Mobility seems to be the future of commerce. For several years now, electronic commerce has been growing into a formidable force in the world of business. With companies like Amazon and eBay catering almost exclusively to digital consumers, the viability of electronic commerce has become an unavoidable part of the business world. The world of commerce is currently in a state of flux thanks to the rapid advance of mobile technology. With more consumers encapsulating their lives in their smart phones, the prospect of NFC-powered payments via a mobile device is paving the way for a commerce defined almost entirely by mobility.
Mobile commerce brings with it a sleuth of privacy concerns that may keep consumers away from NFC payments for some times. The most prominent of these concerns comes from the fact that the entirety of a person’s financial information – their bank accounts, personal identification details – is stored within a smart phone. If the phone were to be stolen, this information could be used in a number of malicious ways.
Thus far, little is being done to placate the concerns of consumers.

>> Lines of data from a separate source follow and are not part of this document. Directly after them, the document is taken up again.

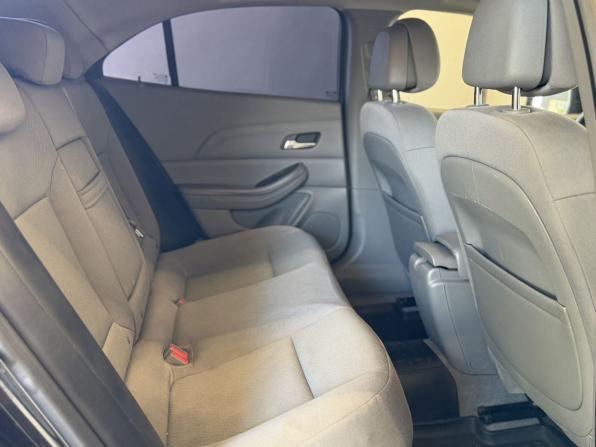 Chevrolet Malibu VIII с пробегом 2012 года, цена 925 000 рублей, 187304 км, седан, Автокод Объявления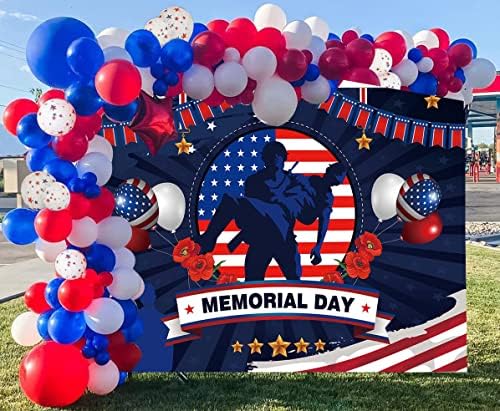 Pozadina Dana sjećanja zapamtite i počastite Baner Hvala vojnici veterani Patriotska fotografija pozadine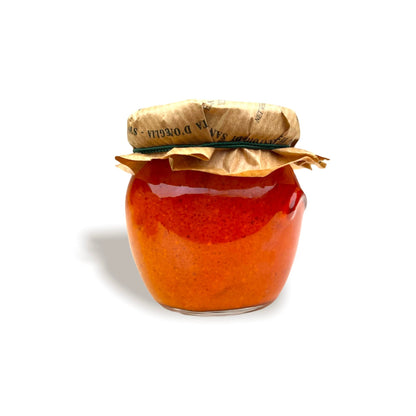 Ligurian Pepper Paste (90g)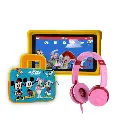 Pebble Gear Value Bundle | Pink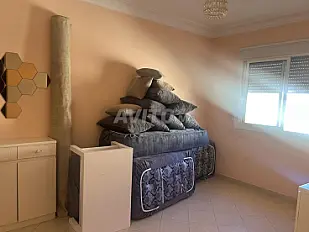 Appartement à louer 45 m²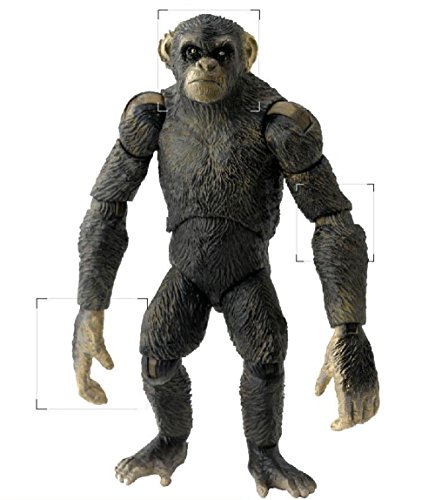 rise of the planet of the apes toys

Companies like Best Buy and Walgreens have begun adopting NFC technology to facilitate mobile transactions, but they are not overly concerned with the privacy of their customers. The security issue lies squarely with phone manufacturers and those developing so called “mobile wallet” technologies.
While NFC technology has been firmly placed within the realm of commerce, it is unlikely that the technology will be confined to the ambiguous boundaries of finance. With technology, as a whole, becoming a more prominent part of life, the issue of security is quickly becoming one that can no longer be ignored.